**PROBLEM DETAILS:** Everything from the line containing "Optional: request an" to the last line of the material below must be retyped exactly, both ends included; skip the pictures.

**SOURCE MATERIAL:**
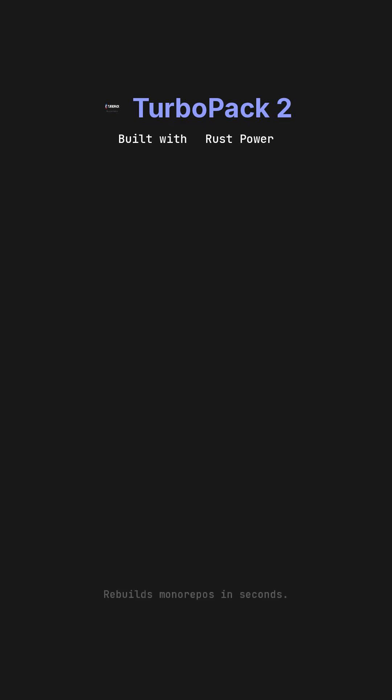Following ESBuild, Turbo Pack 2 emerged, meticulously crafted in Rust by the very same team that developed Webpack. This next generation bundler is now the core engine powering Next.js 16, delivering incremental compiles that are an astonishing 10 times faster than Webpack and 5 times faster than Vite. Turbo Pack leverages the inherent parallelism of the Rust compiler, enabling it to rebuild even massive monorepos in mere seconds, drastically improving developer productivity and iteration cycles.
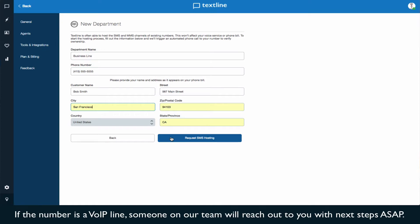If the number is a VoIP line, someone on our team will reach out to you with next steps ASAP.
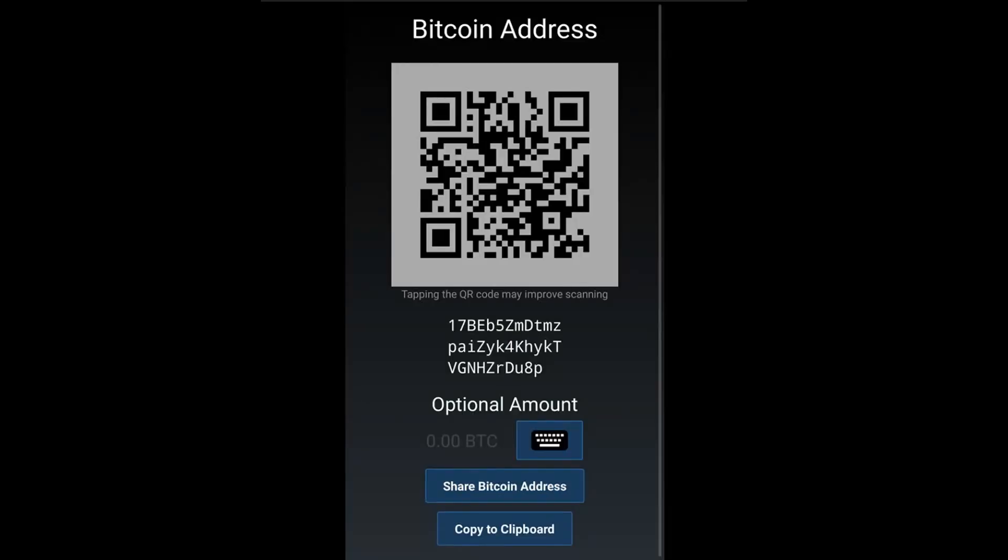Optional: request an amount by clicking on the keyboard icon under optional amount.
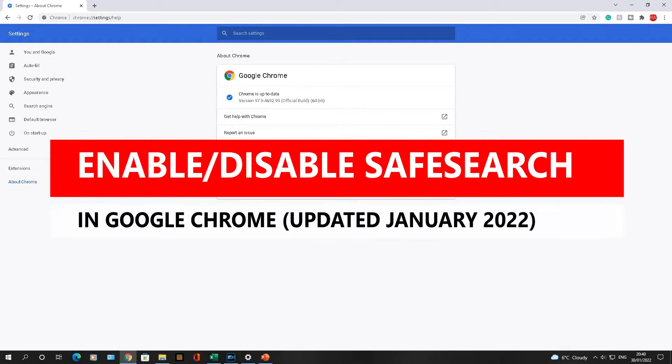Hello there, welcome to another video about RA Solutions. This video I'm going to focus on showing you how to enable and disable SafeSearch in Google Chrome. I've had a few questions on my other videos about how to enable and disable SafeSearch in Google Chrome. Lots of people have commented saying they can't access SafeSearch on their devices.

**EXERCISE RESULT:**
Optional: request an amount by clicking on the keyboard icon under optional amount.
Hello there, welcome to another video about RA Solutions. This video I'm going to focus on showing you how to enable and disable SafeSearch in Google Chrome. I've had a few questions on my other videos about how to enable and disable SafeSearch in Google Chrome. Lots of people have commented saying they can't access SafeSearch on their devices.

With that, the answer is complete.